Frontend (IMHO) tends to be simpler than BE systems, because FE is literally a single device, and often a single git repo.

BE requires a lot more context around microservices, database, reverse-proxy, api-design, etc.

A signal that makes me correct is the number of BE vs FE at a big company.


The question isn't "is frontend simpler than backend?" (which I don't think is as simple as you make it out to be). The question is "can LLMs replace frontend developers?"

I think it's a bit like Squarespace. The lowest possible tiers of developers will be replaced. Anything complex enough to be beyond the scope of a hobbyist isn't able to be replaced with an LLM.


lol I wish. The problem is not the inherent complexity but the accidental complexity. FE has a big chunk in the second. You won’t get your budget to rewrite three accidental complexity you find in the wild


Developing, managing, and operating distributed systems infrastructure has way less training data available than webdev. And it doesn’t translate in to pithy interpreted language one-liners.


There's another factor here I forgot to mention - web development, as a specialization, tends to be paid less and has a lower career ceiling in many companies than backend and infra engineering. This is a personal observation on my part but I've seen many other people remark on this. True full stack engineering, I think, is reasonably safe from the robots at the moment.

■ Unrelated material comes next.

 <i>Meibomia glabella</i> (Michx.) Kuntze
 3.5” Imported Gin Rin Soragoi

If someone likes building products, I'd basically recommend that they not go 100% full-bore on frontend engineering, definitely go for "full-stack", and accept that a lot of frontend code is trivia that you can just ask the LLM for these days. I would also recommend that they develop solid product management and UX skills.


Anecdotally, I work on backend/cloud and my senior frontend engineers do earn not as much as I do, but close… and their environments are always less stressful (major outages are not caused by frontends usually and when so, reverting to the last stable commit is enough since frontends are stateless; their toolset is narrower than mine, so yeah they need to jump between frontend frameworks but that’s fine… me in the meantime need to jump between backend frameworks, dbs, k8s, distributed system knowledge, unix tooling, OS/TCP/IP, etc)

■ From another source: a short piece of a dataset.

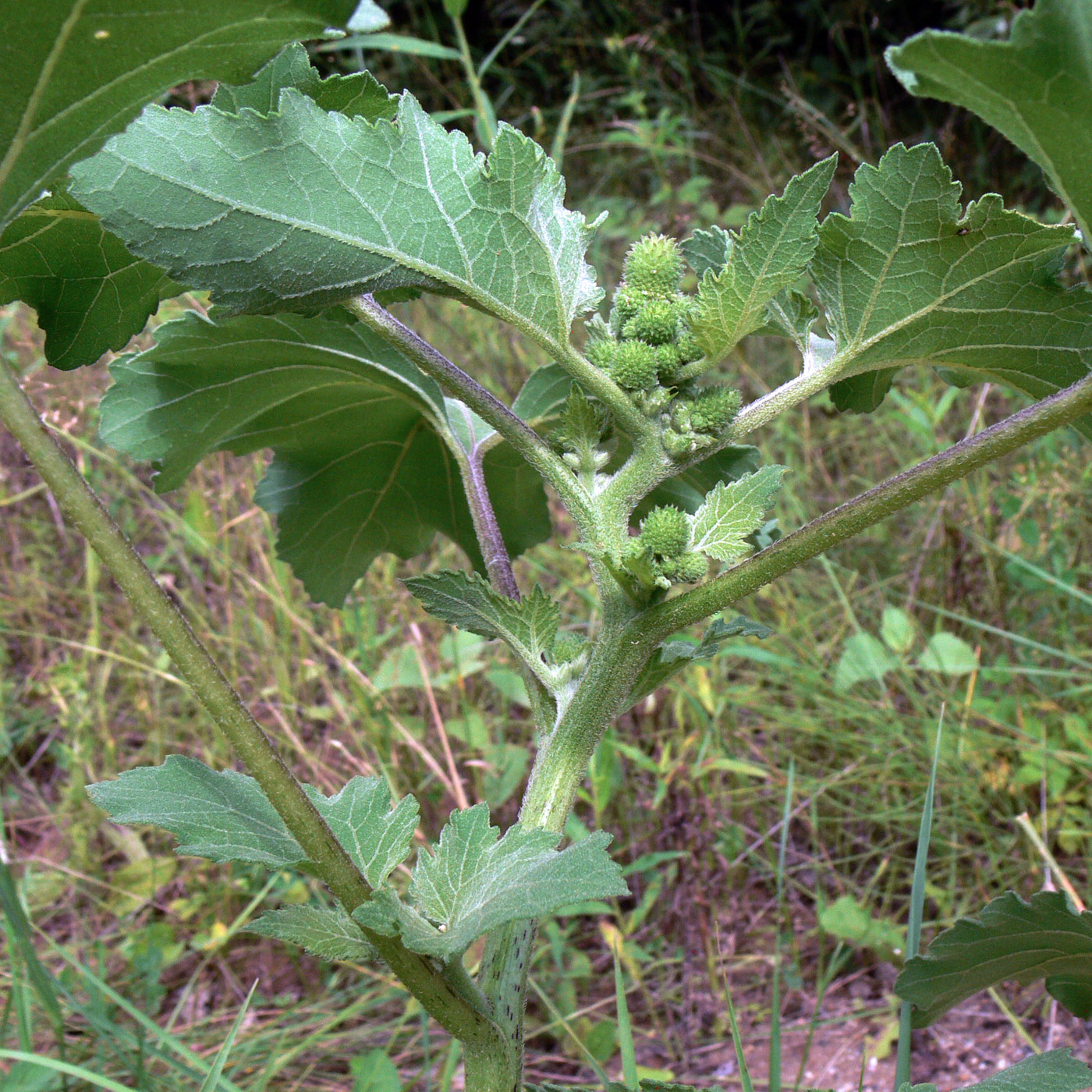 Изображение особи Xanthium strumarium.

> a lot of frontend code is trivia that you can just ask the LLM for these days

If you're building CRUD yes. If you're doing anything remotely complex or novel, LLMs fall apart, much like they do for complex backend tasks. There's a lot of cool, highly customized stuff you can build with JS, and LLMs don't do a very good job at general problem solving.

They're still helpful for writing small, specific functions, or providing high level guidance


Certainly. Front-end and UX skills go together. Front-end dev as a beginner → UX → PM later, would provide the same salary as back-end dev -> DevOps / K8s.